Information given:
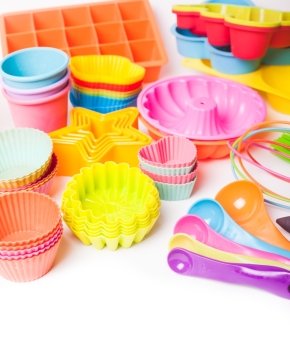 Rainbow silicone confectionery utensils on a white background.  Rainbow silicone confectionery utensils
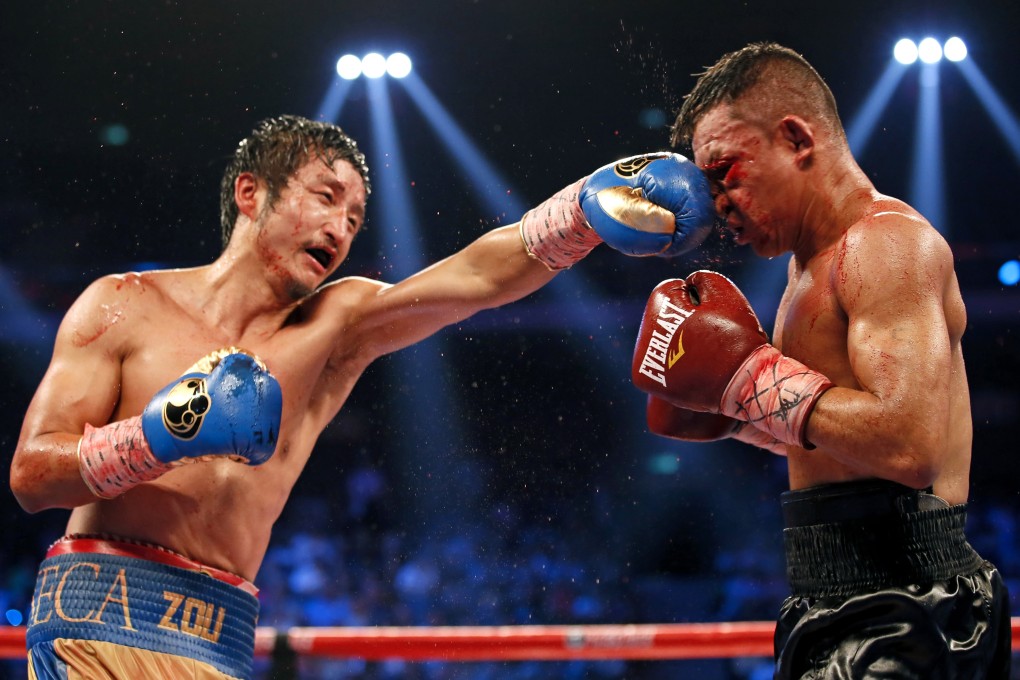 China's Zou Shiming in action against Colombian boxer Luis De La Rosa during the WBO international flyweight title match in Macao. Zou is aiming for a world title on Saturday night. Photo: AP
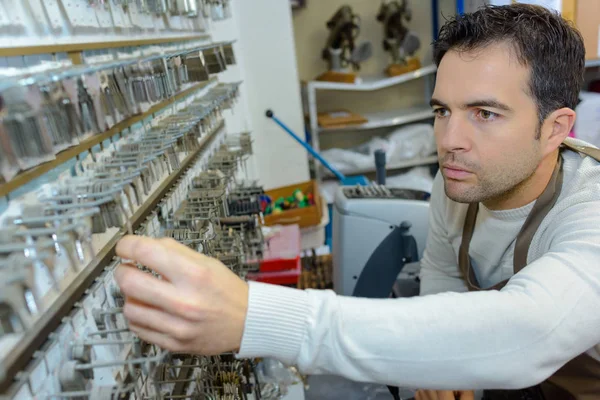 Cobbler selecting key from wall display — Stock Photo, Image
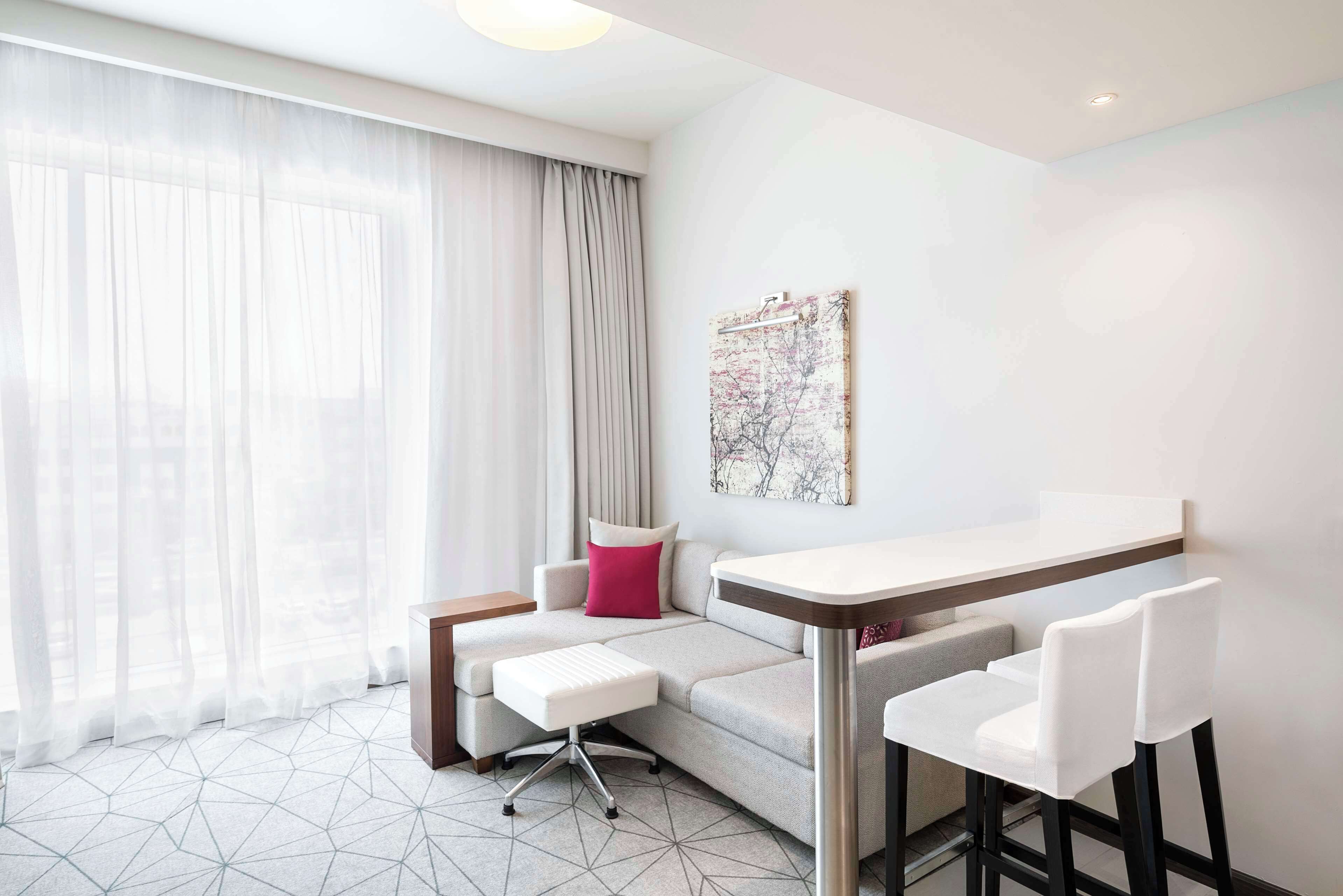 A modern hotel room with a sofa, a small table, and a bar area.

---

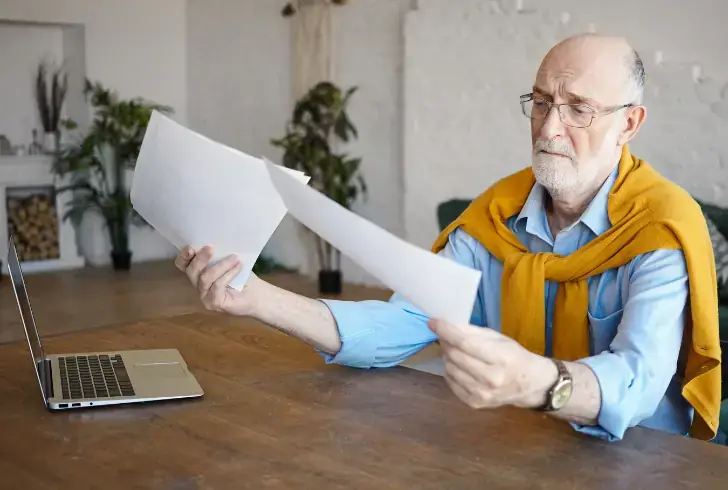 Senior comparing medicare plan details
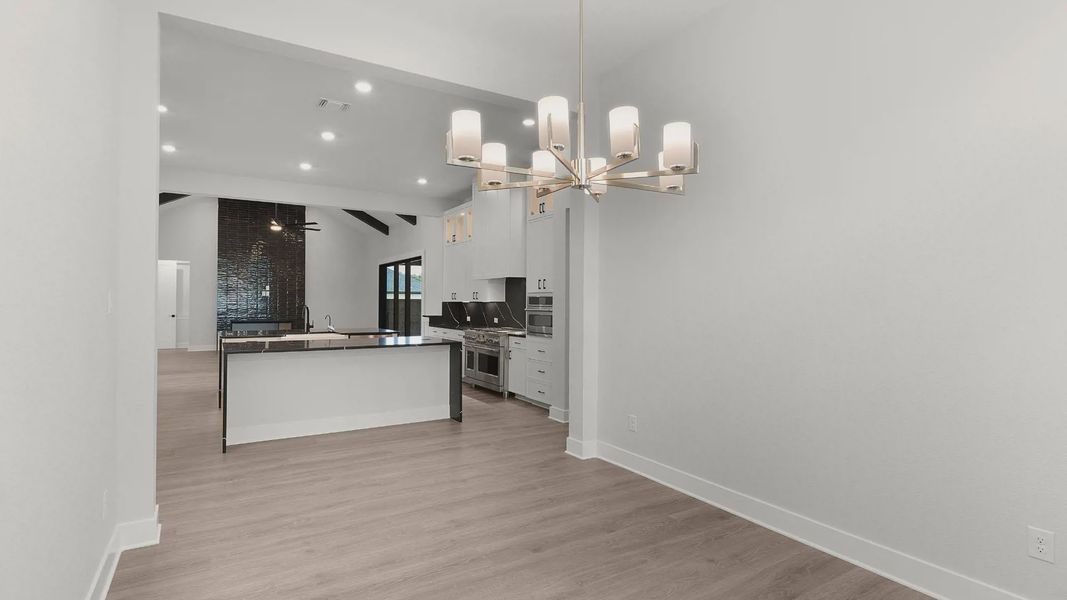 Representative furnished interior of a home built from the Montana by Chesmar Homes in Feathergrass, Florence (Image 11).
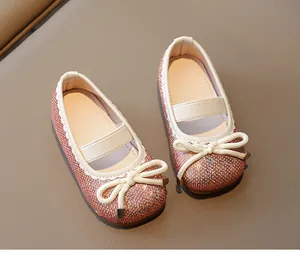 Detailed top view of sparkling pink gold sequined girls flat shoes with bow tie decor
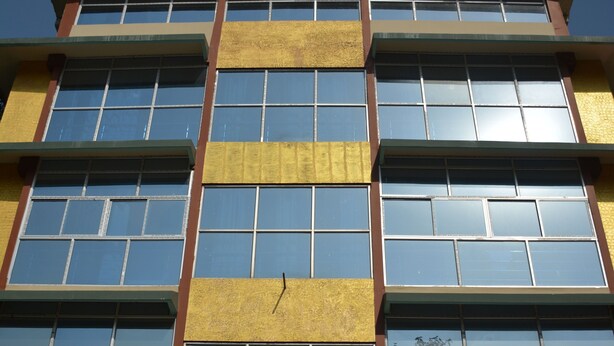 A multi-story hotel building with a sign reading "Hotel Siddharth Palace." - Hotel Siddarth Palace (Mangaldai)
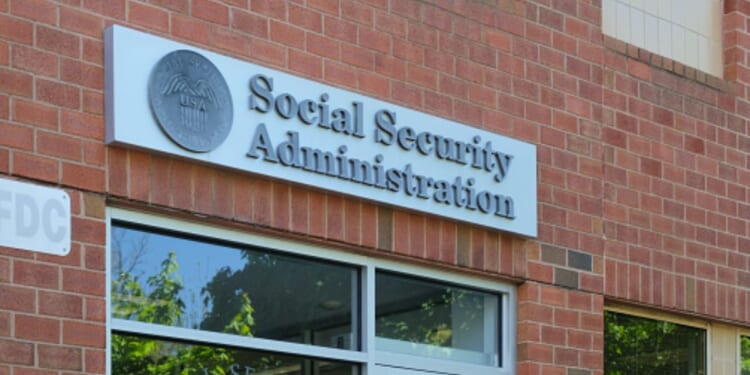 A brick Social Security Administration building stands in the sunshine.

What you are asked to do:
From the listing above, repeat only the lines between the line containing "China's Zou Shiming" and the line containing "A modern hotel", those two included. Pictures are not part of the copy.

Reply to the task:
 China's Zou Shiming in action against Colombian boxer Luis De La Rosa during the WBO international flyweight title match in Macao. Zou is aiming for a world title on Saturday night. Photo: AP
 Cobbler selecting key from wall display — Stock Photo, Image
 A modern hotel room with a sofa, a small table, and a bar area.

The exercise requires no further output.